Normally the above operation would be implemented via
ext4_writeback_writepage(), and it runs under lock_page().

I'm mostly worried about delayed allocation case. My impression was that
holding number of pages locked isn't a good idea, even if they're locked
in index order. so, I was going to turn number of pages writeback, then
allocate blocks for all of them at once, then put proper blocknr's into
bh's (or PG_mappedtodisk?).



					going to commit
					find inode I dirty
					do NOT find these blocks because they're
					  allocated only, but pages/bhs aren't mapped
					  to them
					start commit

I think you're assuming here that commit would be using ->t_sync_datalist
to locate dirty buffer_heads.

nope, I mean sb->inode->page walk.

But under this proposal, t_sync_datalist just gets removed: the new
ordered-data mode _only_ need to do the sb->inode->page walk.  So if I'm
understanding you, the way in which we'd handle any such race is to make
kjournald's writeback of the dirty pages block in lock_page().  Once it
gets the page lock it can look to see if some other thread has mapped the
page to disk.

if I'm right holding number of pages locked, then they won't be locked, but
writeback. of course kjournald can block on writeback as well, but how does
it find pages with *newly allocated* blocks only?

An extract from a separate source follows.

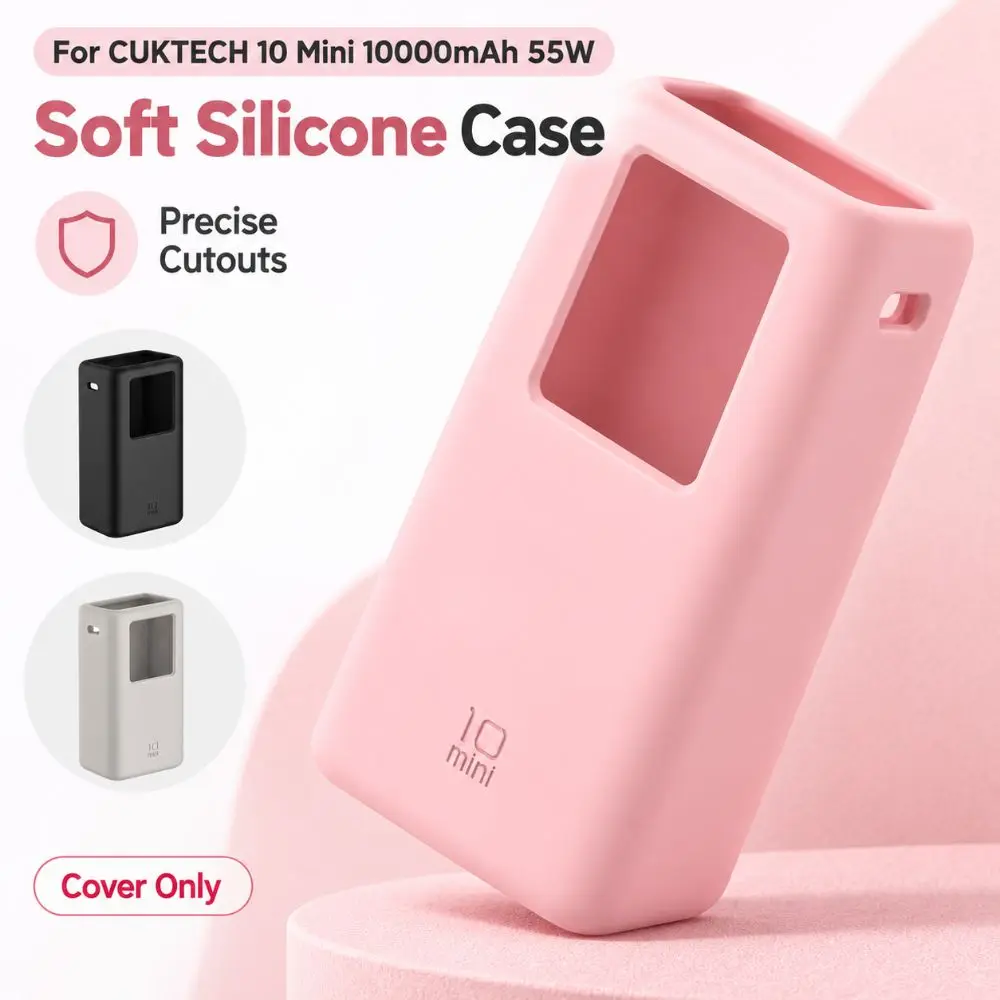 Shockproof Silicone Case Dustproof Soft Protective Cover Portable with Handle for CUKTECH Model 10 Mini 10000mAh 55W Power Bank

It may turn out that kjournald needs a private way of getting at the
I_DIRTY_PAGES inodes to do this properly, but I don't _think_ so.  If we
had the radix-tree-of-dirty-inodes thing then that's easy enough to do
anyway, with a tagged search.  But I expect that a single pass through the
superblock's dirty inodes would suffice for ordered-data.  Files which
have chattr +j would screw things up, as usual.

not dirty inodes only, but rather some fast way to find pages with newly
allocated pages.

I assume (hope) that your delayed allocation code implements
->writepages()?  Doing the allocation one-page-at-a-time sounds painful...

indeed. this is a root cause of all this complexity.